I need to do a better job at making sure those stories are told. That is my mission and vow.
I may be better equipped to speak about protests. A child of the 60s and 70s, I have been witness to Vietnam-era rebellions, Los Angeles, Ferguson, and all the modern-era injustices that have led people to the streets to speak to their rage, to show the world their anguish.
I have myself marched, when there seemed like no other way to break through. This is all too familiar to me.
Tragically, rather than acknowledging their numbers and hearing their cries – rather than listening to their plight and empathizing with their anger – too many in this country will look at anecdotal property destruction and discount these protesters’ voices, wholesale. They will criticize them, or worse, tsk-tsk them and just move on about their days.
I sat up all night again, watching live feeds of fires burning in businesses, a news network under siege, tear gas canisters flying, and I think back to a demonstration I took part in years ago. I found myself side-by-side with a perfectly mild-mannered and otherwise peaceful, law-abiding person, who was so caught up in the moment, so unable to tamp down his rage, that he screamed out, “Burn it all down!”
That’s what rage does to human beings. That’s what being unheard, for years, decades, centuries, does to us.
As the day breaks, American cities will awaken to carnage today. They will find their neighbors and friends nursing wounds, glass on the streets, fires still smoldering. Talking heads on TV and social-media commenters will ponder, “Why have they done this? What purpose does it serve?”
They don’t understand it, because they haven’t tried to understand it.
I think about erupting rage and wonder how this anger is any less valid than the grievances that inspired this nation to elect Donald J. Trump as our 45th President? So often I’ve heard from Trump voters who say they voted for him to “drain the swamp,” to “shake things up.”
What they really meant was, “Burn it all down.”
The thing is, when you have that level of power – as a member of Congress or as President – burning it down proves rather easy and clean. No muss, no fuss. You don’t need to take the streets. K Street comes to you. You meet in chambers at the Capitol and with pen strokes, you dismantle it. You exploit that rage that sent you there to undermine law enforcement, intelligence agencies, the very system of justice that governs our land. You quietly leverage the courts to take mere access to healthcare away from millions who desperately need it.
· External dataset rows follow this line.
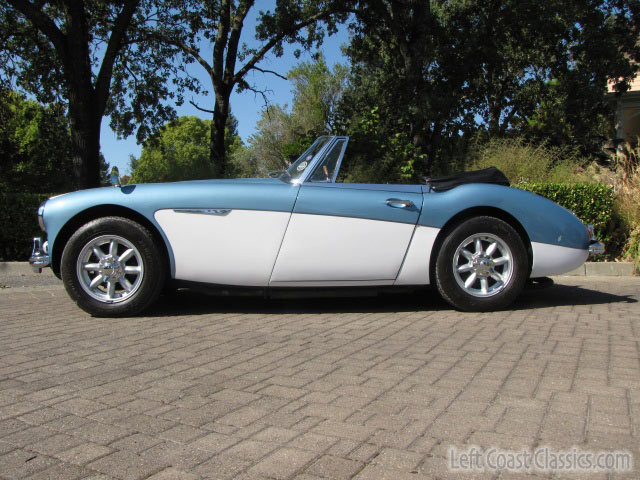 1965 Austin Healey 3000 Slide Show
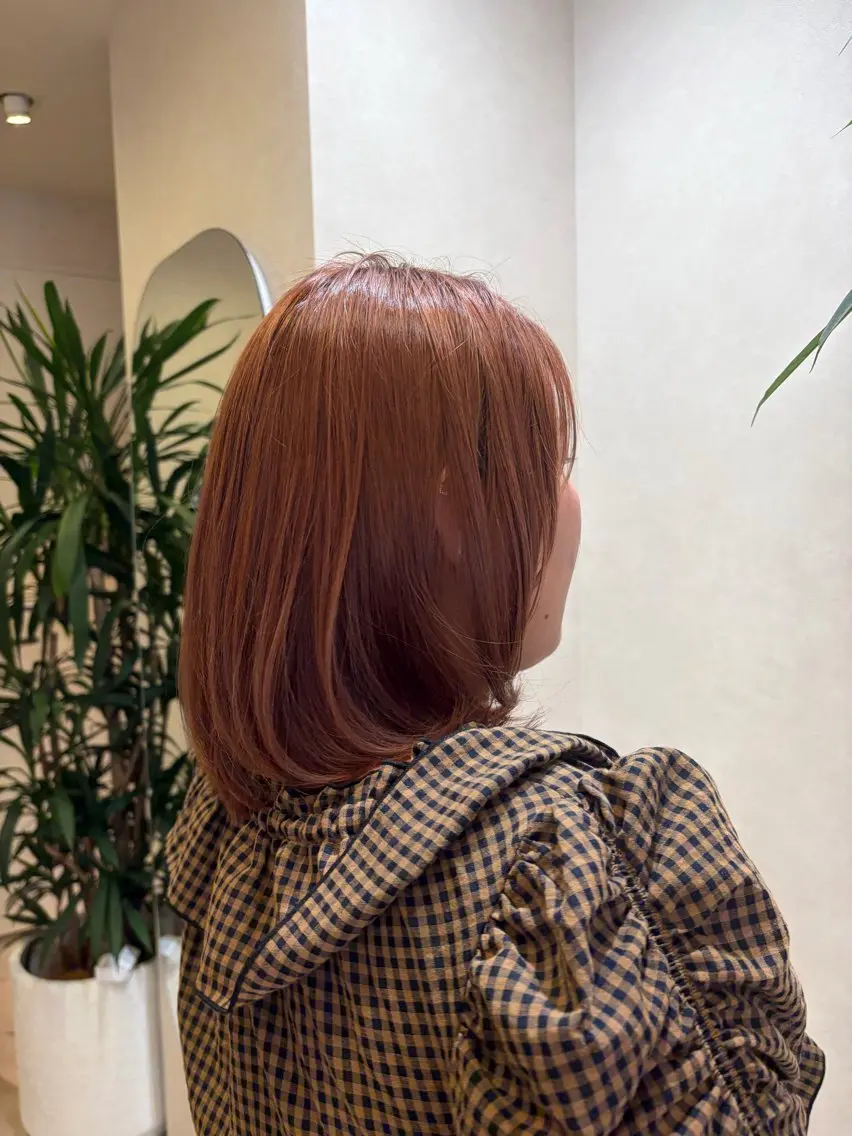 ミディアム Ha naのヘアスタイル
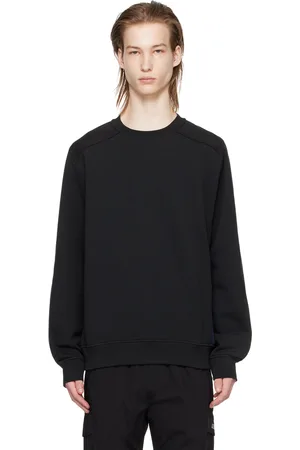 Paul Smith Black Paneled Sweatshirt
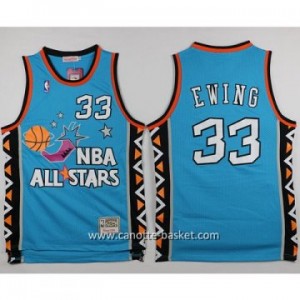 Maglie 1996 All-Star Patrick Ewing #33 blu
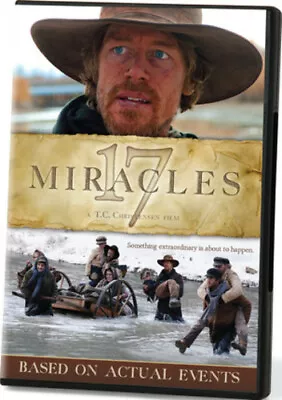 17 MIRACLES Jasen Wade Emily Wadley Tomas Kofod DVD Disc Only • $3.25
You slickly undermine public education. You put a price tag on the environment and sell it to the highest bidder. You champion war criminals and demote military heroes. You strike down laws intended to protect workers and people from businesses that will harm them and make them sick. You enrich your friends and starve the rest.
You challenge long-established Constitutional laws, because you can, and because you feel it’s what you were elected and emboldened to do.
You see a plague coming and you shrug it off, knowing that it might kill millions, especially in the cities for which you have disdain, cities that didn’t vote for you.
You burn it all down while surrounding yourself with blue-suited middle-aged white men cheering you on, never getting any grime on your hands at all. It’s all disgustingly dignified.
But the People don’t have that power. They’ve got to get their hands dirty.
The People don’t have those commemorative Executive Order-signing pens. They only have the streets. They only have their rage. They have only year after year of screaming into a void. And, so, they want to burn it all down the only way they know how, until the powerful listen, until they command their attention, until the change they demand comes.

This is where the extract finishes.